╭─ Materials provided

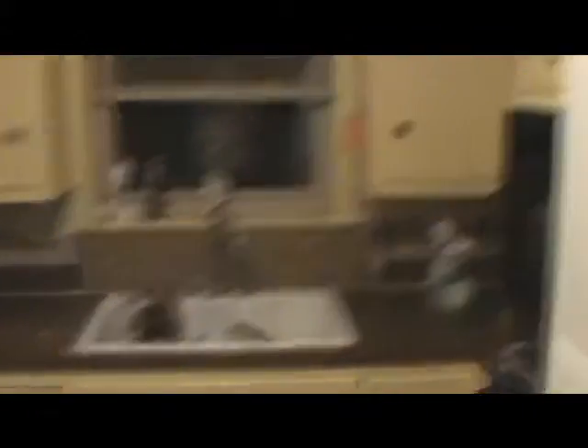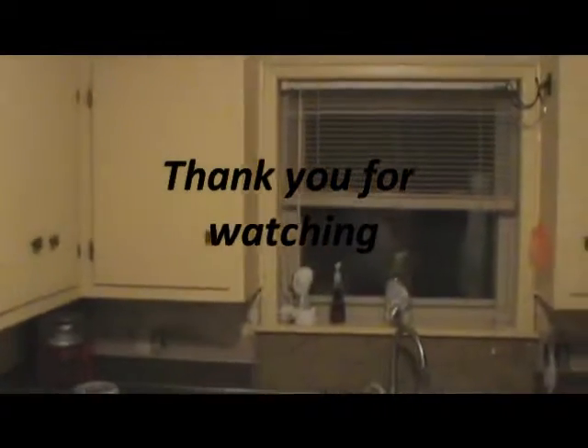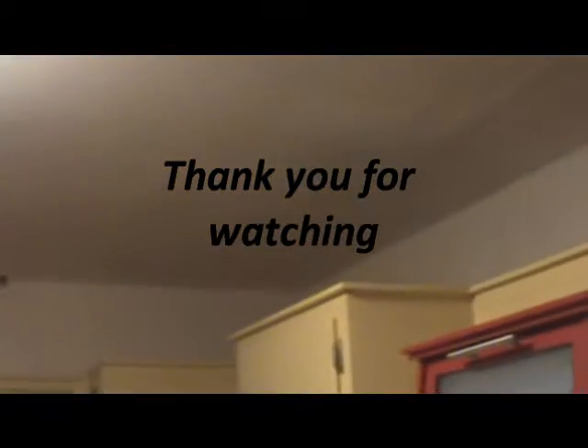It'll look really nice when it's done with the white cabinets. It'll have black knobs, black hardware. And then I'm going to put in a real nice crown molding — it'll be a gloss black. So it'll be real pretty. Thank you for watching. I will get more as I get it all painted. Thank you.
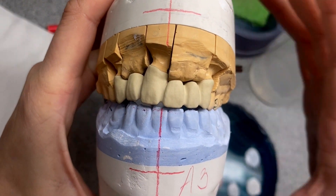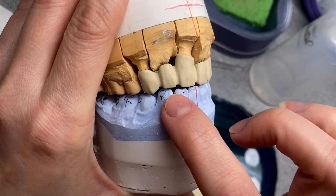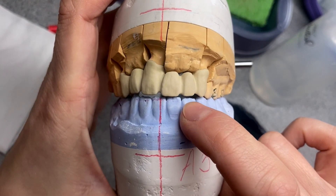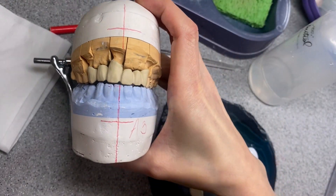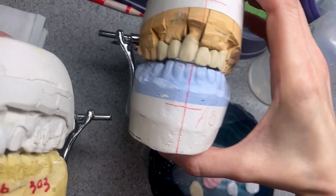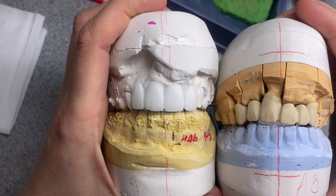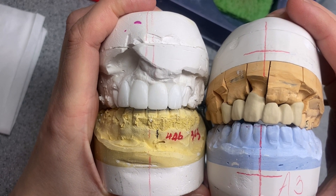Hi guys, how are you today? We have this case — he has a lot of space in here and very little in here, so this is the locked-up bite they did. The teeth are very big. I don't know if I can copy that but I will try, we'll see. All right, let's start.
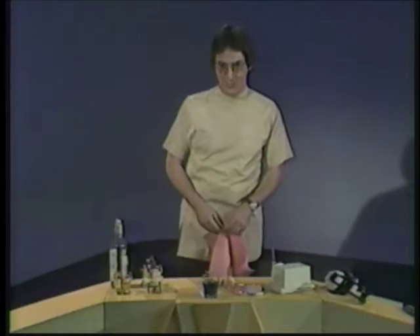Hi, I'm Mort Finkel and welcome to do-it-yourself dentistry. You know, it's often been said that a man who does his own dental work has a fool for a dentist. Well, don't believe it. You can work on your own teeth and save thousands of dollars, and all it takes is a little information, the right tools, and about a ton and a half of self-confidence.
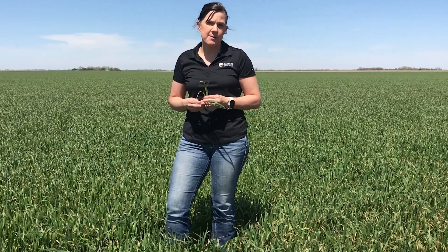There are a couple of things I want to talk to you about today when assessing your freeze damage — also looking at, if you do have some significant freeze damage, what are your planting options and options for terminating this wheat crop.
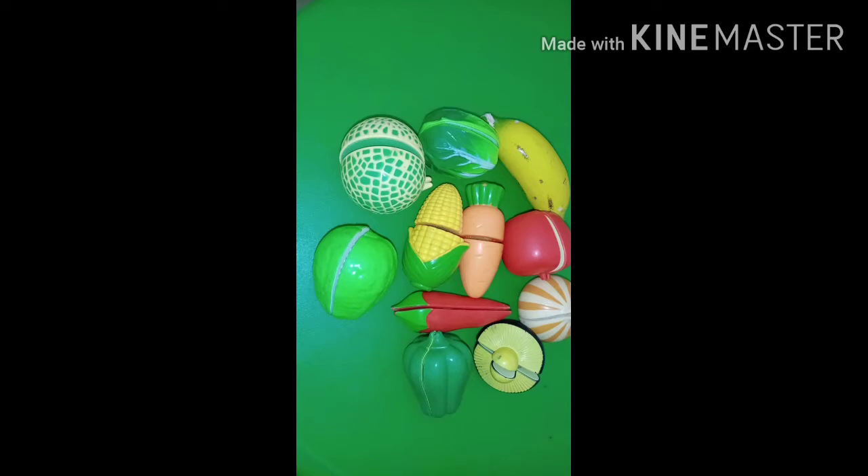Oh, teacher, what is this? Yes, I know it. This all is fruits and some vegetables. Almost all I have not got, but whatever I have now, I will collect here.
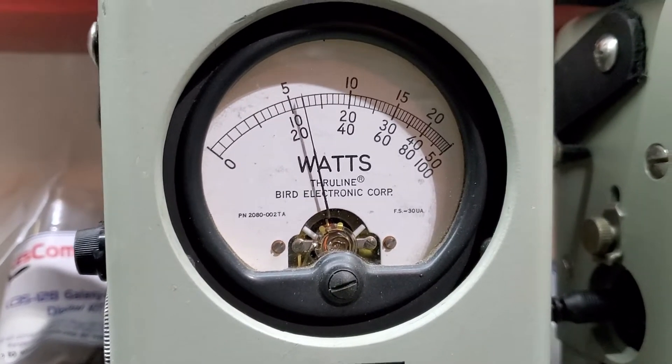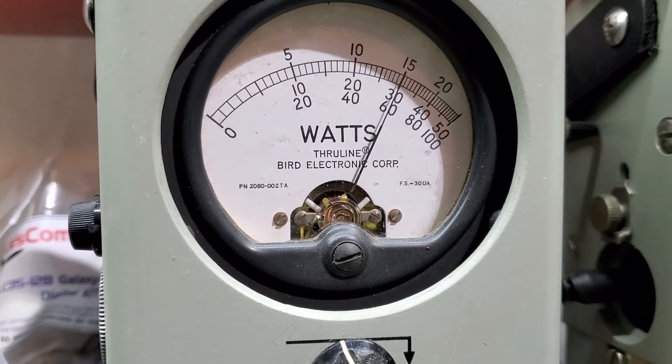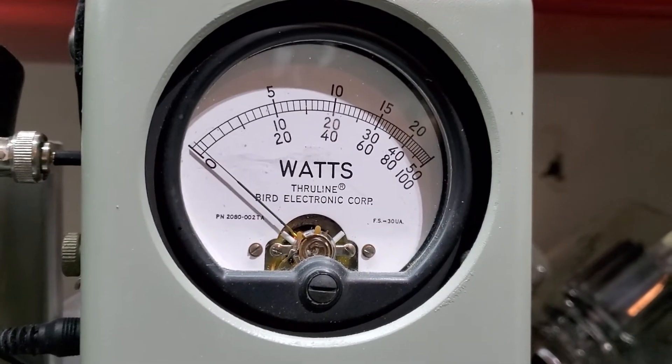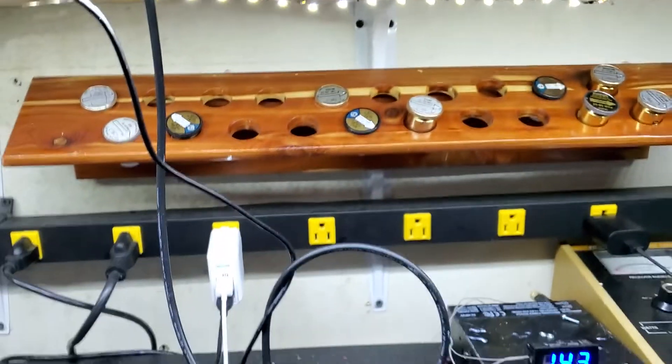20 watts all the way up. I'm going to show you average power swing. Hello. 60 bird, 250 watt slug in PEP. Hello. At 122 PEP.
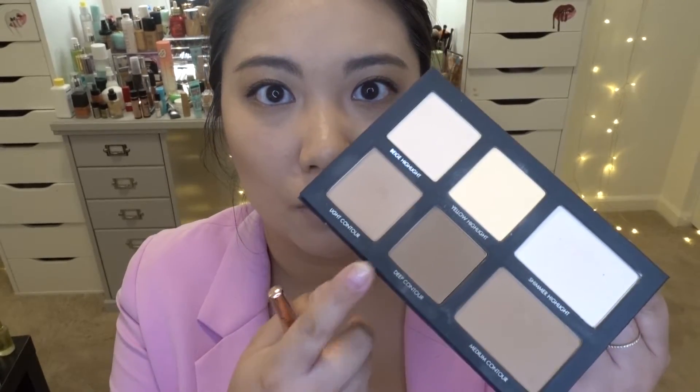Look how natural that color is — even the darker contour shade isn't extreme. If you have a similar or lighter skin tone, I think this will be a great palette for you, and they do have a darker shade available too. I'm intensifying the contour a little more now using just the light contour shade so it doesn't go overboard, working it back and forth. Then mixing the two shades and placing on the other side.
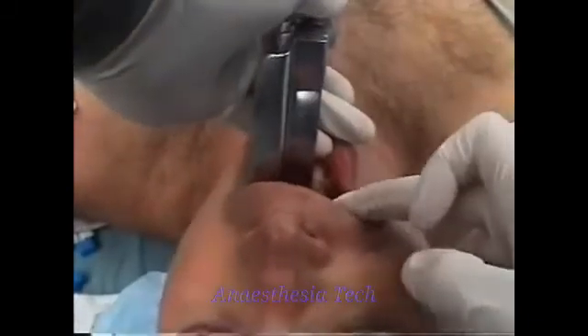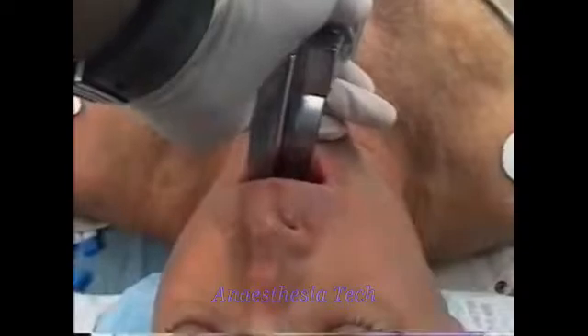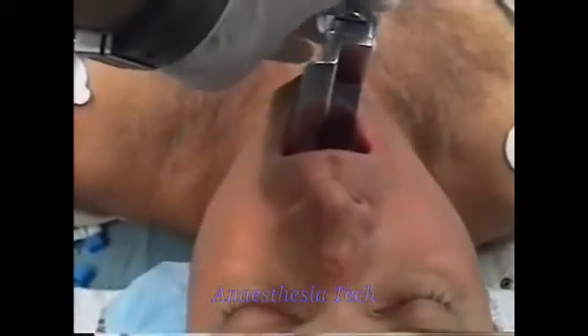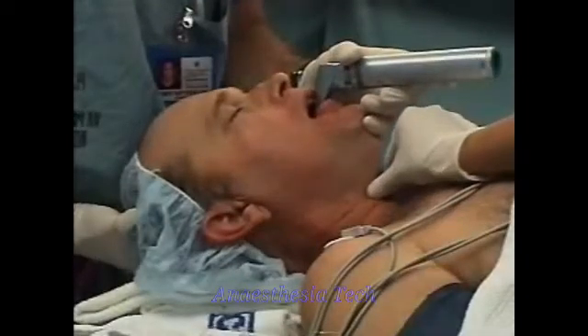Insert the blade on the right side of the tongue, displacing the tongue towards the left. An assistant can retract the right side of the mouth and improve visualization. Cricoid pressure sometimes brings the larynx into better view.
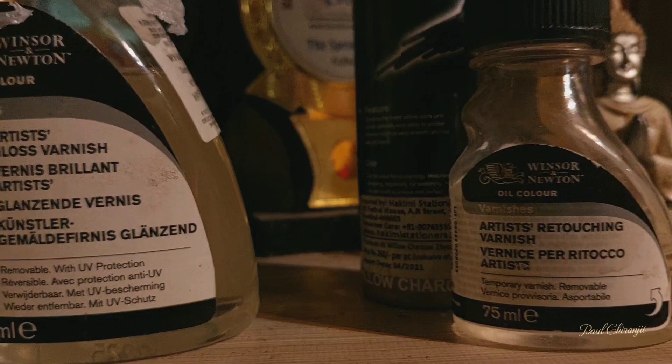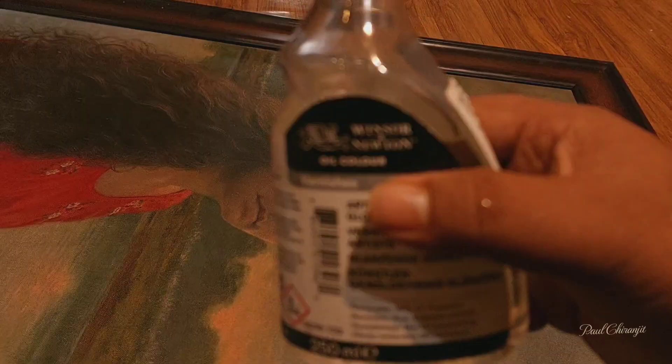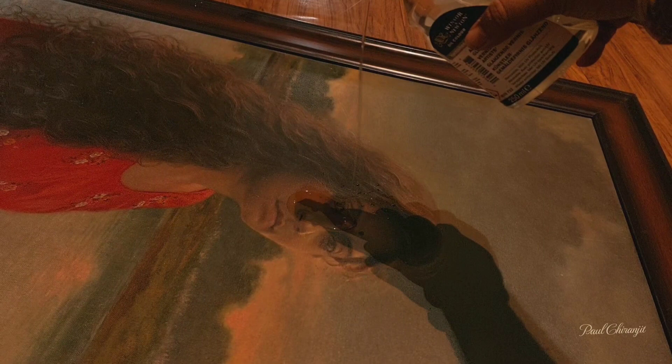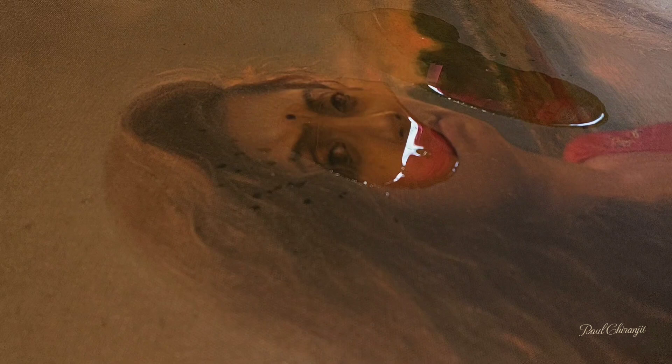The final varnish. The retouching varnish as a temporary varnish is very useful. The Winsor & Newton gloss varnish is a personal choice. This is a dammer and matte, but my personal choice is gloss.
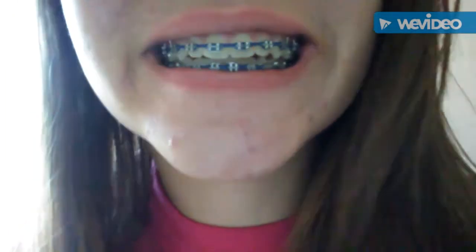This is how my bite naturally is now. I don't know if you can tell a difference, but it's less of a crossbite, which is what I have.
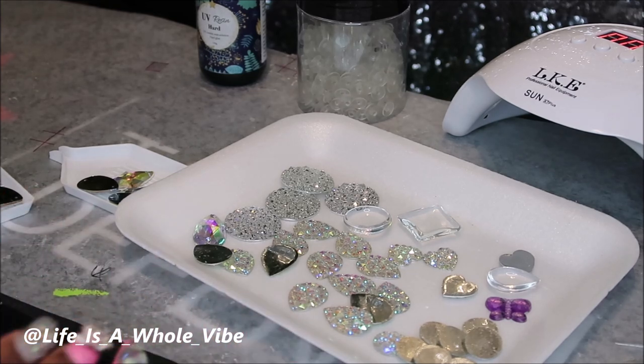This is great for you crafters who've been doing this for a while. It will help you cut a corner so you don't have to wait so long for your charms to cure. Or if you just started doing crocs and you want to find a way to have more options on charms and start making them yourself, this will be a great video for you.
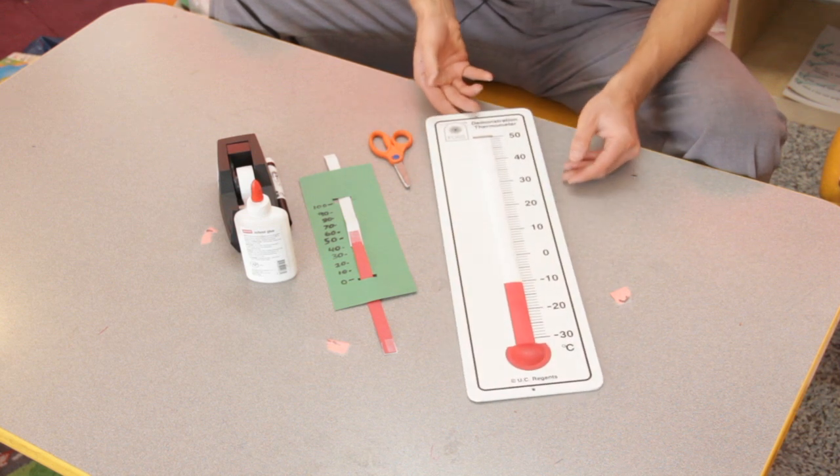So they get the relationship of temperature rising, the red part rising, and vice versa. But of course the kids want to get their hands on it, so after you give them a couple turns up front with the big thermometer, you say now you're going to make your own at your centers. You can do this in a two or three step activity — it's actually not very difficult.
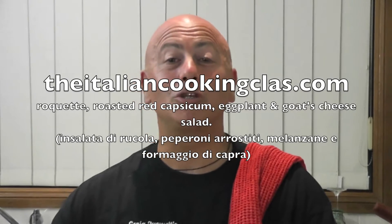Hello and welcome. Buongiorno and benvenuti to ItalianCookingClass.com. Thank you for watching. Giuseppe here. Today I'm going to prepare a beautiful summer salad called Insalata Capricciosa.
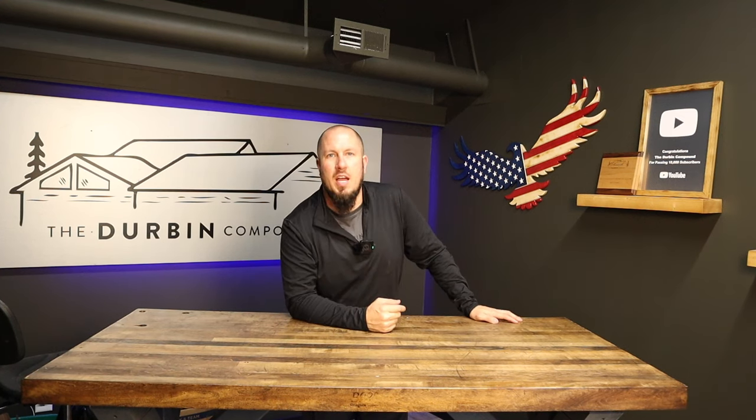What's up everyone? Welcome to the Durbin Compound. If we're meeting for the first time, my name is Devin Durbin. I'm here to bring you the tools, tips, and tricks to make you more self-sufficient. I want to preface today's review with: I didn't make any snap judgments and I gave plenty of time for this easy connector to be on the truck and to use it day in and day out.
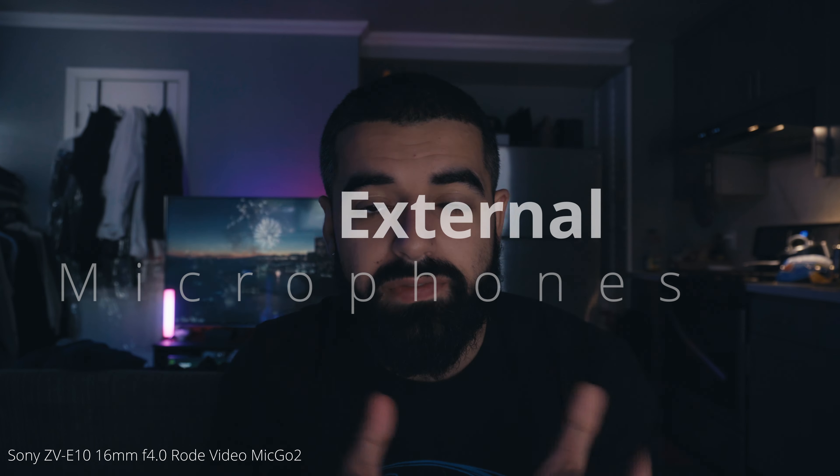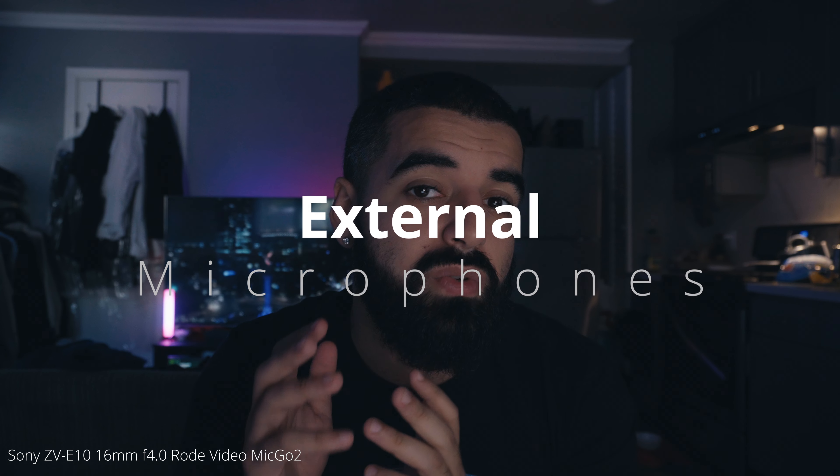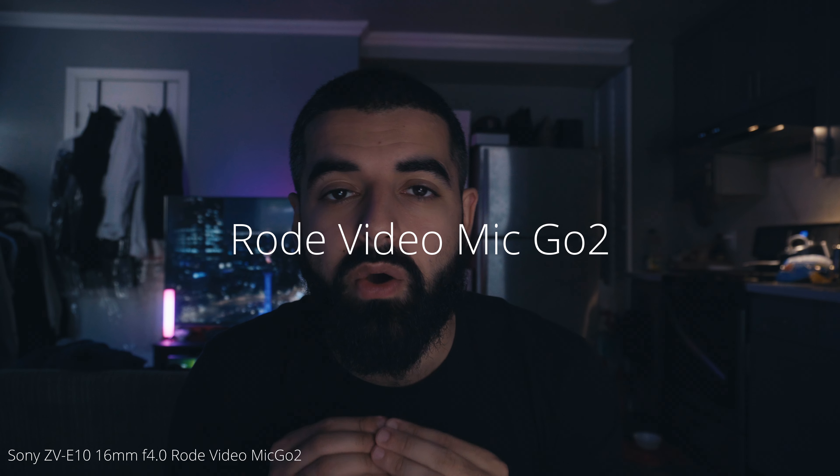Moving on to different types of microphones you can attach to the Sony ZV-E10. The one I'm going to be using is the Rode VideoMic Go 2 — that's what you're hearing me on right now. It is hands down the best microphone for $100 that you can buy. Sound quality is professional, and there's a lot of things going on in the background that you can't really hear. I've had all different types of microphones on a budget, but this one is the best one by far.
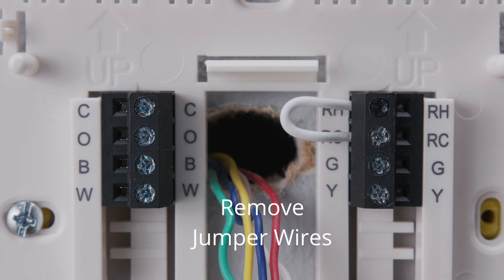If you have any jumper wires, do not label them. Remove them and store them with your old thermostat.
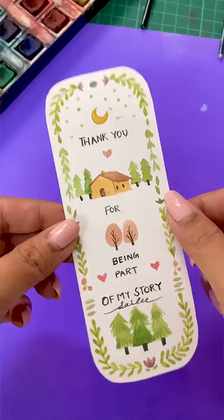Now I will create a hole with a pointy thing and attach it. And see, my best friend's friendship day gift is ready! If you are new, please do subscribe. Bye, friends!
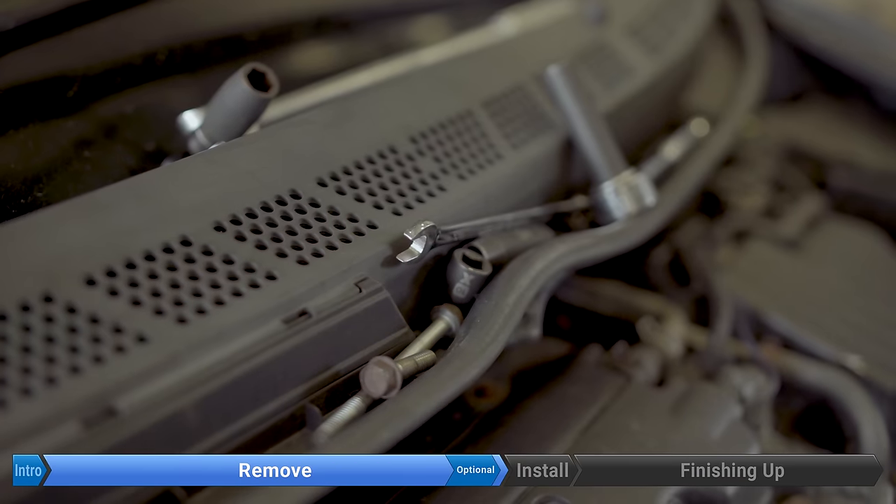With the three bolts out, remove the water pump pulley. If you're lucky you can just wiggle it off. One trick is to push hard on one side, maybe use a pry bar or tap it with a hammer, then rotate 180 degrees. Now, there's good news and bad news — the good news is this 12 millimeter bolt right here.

╰─

How to complete this task:
Starting at the line above that holds "Insert the blade", repeat every line exactly down to and including the line that holds "Hello and welcome.", then stop. Do not carry over any pictures.

Solution:
Insert the blade on the right side of the tongue, displacing the tongue towards the left. An assistant can retract the right side of the mouth and improve visualization. Cricoid pressure sometimes brings the larynx into better view.
The final varnish. The retouching varnish as a temporary varnish is very useful. The Winsor & Newton gloss varnish is a personal choice. This is a dammer and matte, but my personal choice is gloss.
This is how my bite naturally is now. I don't know if you can tell a difference, but it's less of a crossbite, which is what I have.
This is great for you crafters who've been doing this for a while. It will help you cut a corner so you don't have to wait so long for your charms to cure. Or if you just started doing crocs and you want to find a way to have more options on charms and start making them yourself, this will be a great video for you.
So they get the relationship of temperature rising, the red part rising, and vice versa. But of course the kids want to get their hands on it, so after you give them a couple turns up front with the big thermometer, you say now you're going to make your own at your centers. You can do this in a two or three step activity — it's actually not very difficult.
Hello and welcome. Buongiorno and benvenuti to ItalianCookingClass.com. Thank you for watching. Giuseppe here. Today I'm going to prepare a beautiful summer salad called Insalata Capricciosa.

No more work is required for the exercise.